When Should You Repair Cracks in Concrete?

Cracks in slabs are not uncommon, and if the damage is not too severe, you can easily repair concrete slabs. If it is a patio or driveway, you can fix the problem with simple DIY methods. However, if the damage to the slab is too extensive or too deep, it will not be worth repairing. Repairing cracks in concrete makes your driveway look better while also protecting it from the elements, such as rain, snow, dirt, etc.

For example, use a cleaner with an anti-grease agent if the concrete in your garage has become coated with oil and other automotive fluids. When professionals do the job, they use an excavator or skid steer with a jackhammer attachment or just a regular jackhammer. Cracked concrete should be replaced if it is due to the following three conditions: any patching material used to fill these types of cracks will only be a short-term solution; you don't want to patch these cracks and then spend money on re-coating the concrete or making a decorative coating; and if the rest of the driveway is in good condition and was installed correctly in the first place. Repairing a cracked concrete driveway also improves the curb appeal of your home, especially if you are selling.

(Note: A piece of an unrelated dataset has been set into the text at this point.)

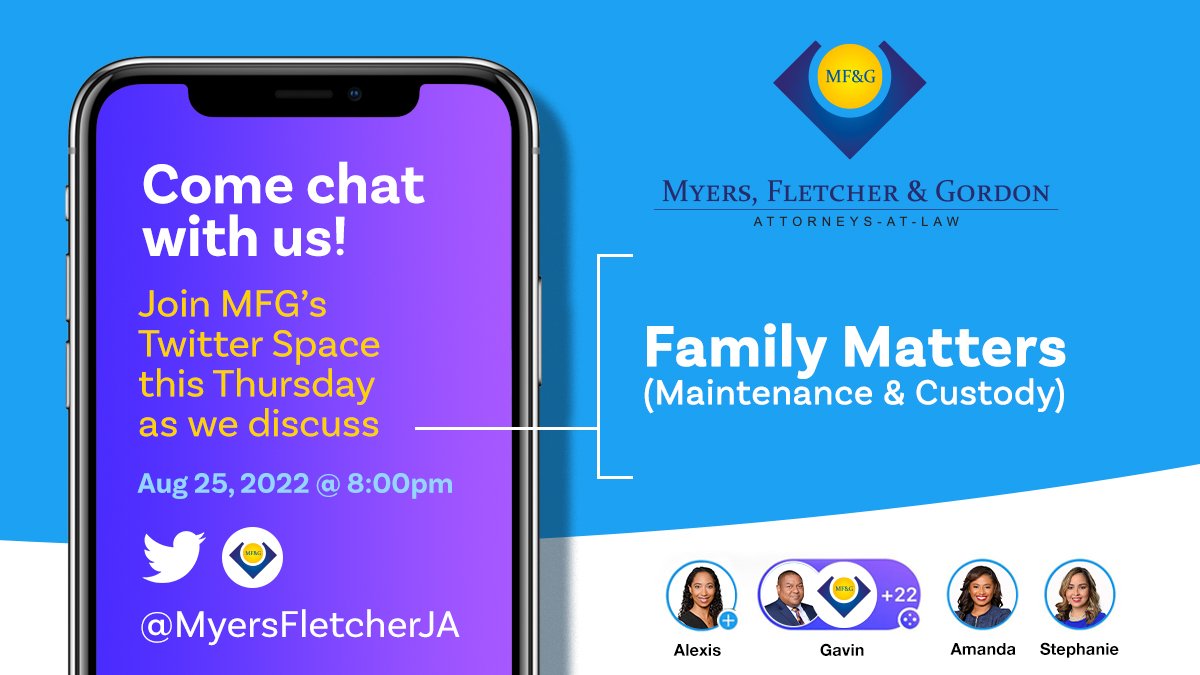 MyersFletcherJA's tweet photo. Join us on our next #MFGTwitterSpace as we discuss "Family Matters (Maintenance &amp; Custody)" #FamilyMattersJa https://t.co/8yse0F5IEu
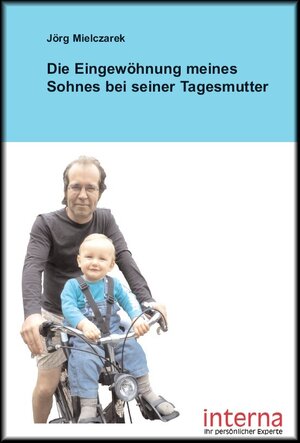 Buchcover Die Eingewöhnung meines Sohnes bei seiner Tagesmutter | Jörg Mielczarek | EAN 9783939397892 | ISBN 3-939397-89-X | ISBN 978-3-939397-89-2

A cracked driveway looks unsightly to potential buyers. There are basically three types of everyday cracks: shrinkage cracking; plastic shrinkage cracking; and hairline surface cracks (sometimes called 'crazing'). Shrinkage cracking occurs when concrete is placed in a liquid state and then settles due to water from sprinklers or rain passing under the concrete. Plastic shrinkage cracking forms due to rapid early drying and a low bleed rate while the concrete is still plastic (not set).

Hairline surface cracks are an indication that the surface of the concrete dried too quickly when it was poured. Changes in ambient temperature conditions, from moderate daytime temperature to low night-time temperature, can cause rapid cooling of the exposed concrete surface and shrinkage is likely to cause thermal cracks. Cuts should be made at a predetermined distance, depth and pattern to meet structural engineering specifications and only after the concrete has gained sufficient strength, but before internal cracking begins. Defects in concrete structures are often caused by penetrations through the concrete made for service lines or created by Z-bars used to create form ties or temporary ties in the concrete.

The high pH (alkalinity) of the concrete forms a passive film on the surface of the embedded reinforcing steel bars and acts as a protective shield that prevents or minimises corrosion. Cracks that are identified as small and fine (less than 0.3 mm wide) are generally considered acceptable as part of a minor slump, depending on the purpose and intent of the concrete structure, the environment in which it is placed, the design life and the durability design. Repair of latent cracks - Latent cracks are stable and are not expected to move in the future or, in other words, are unlikely to open, close or spread further.In summary, we have a very good method to fix cracked concrete in a cost effective way and in most cases, the client does not have to tear out and replace their concrete. We grind and fill the cracks and put in the necessary expansion joints.